§ **Data excerpt**
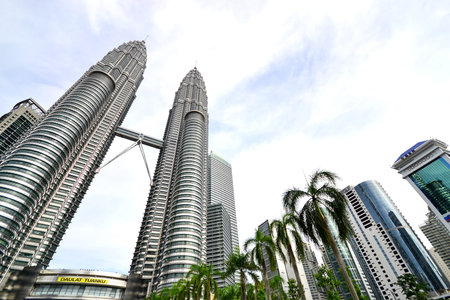  Twin Towers in Kuala Lumpur, Malaysia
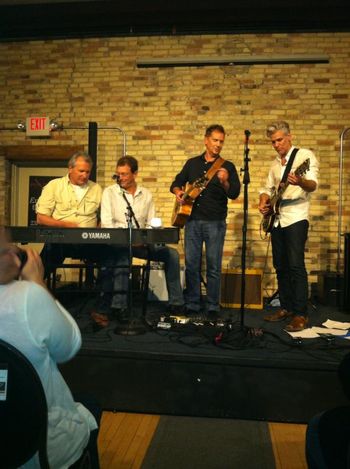 On stage at Seven Steps Up w/ Kyle Cook & the Pieces of WORK band
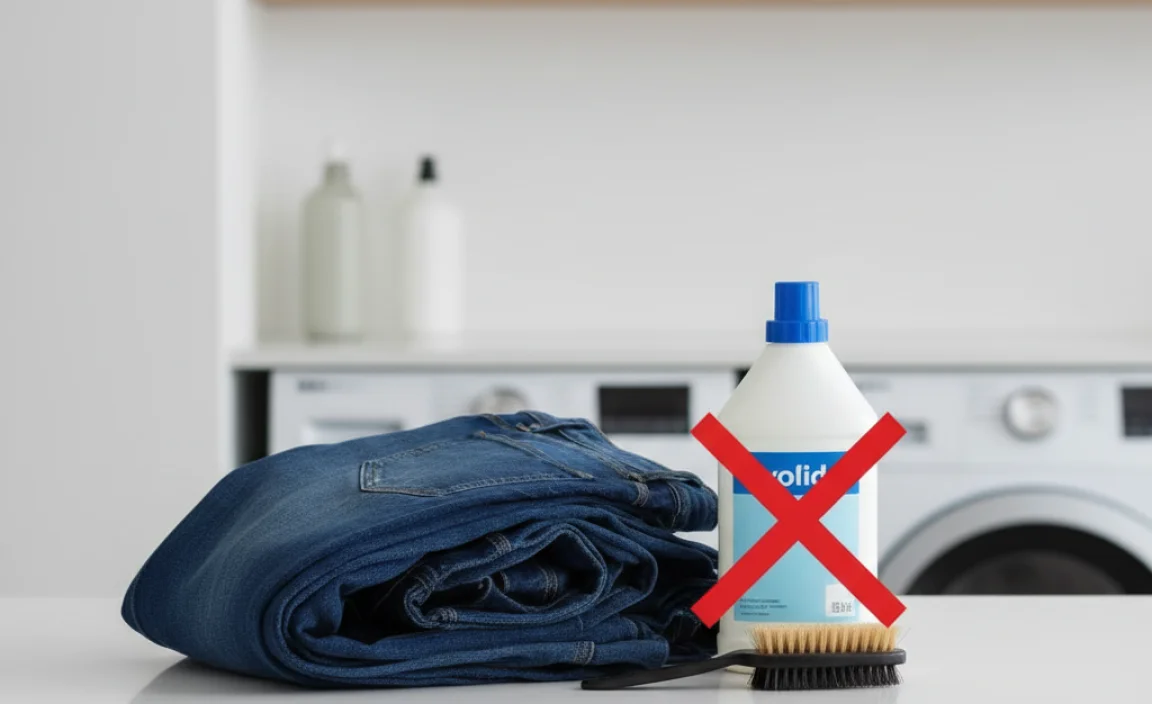 Things to Avoid When Softening Jeans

§ **Problem details**
Where the data contains an image, skip the image and copy everything else exactly as it appears.

§ **Answer area**
  Twin Towers in Kuala Lumpur, Malaysia
 On stage at Seven Steps Up w/ Kyle Cook & the Pieces of WORK band
 Things to Avoid When Softening Jeans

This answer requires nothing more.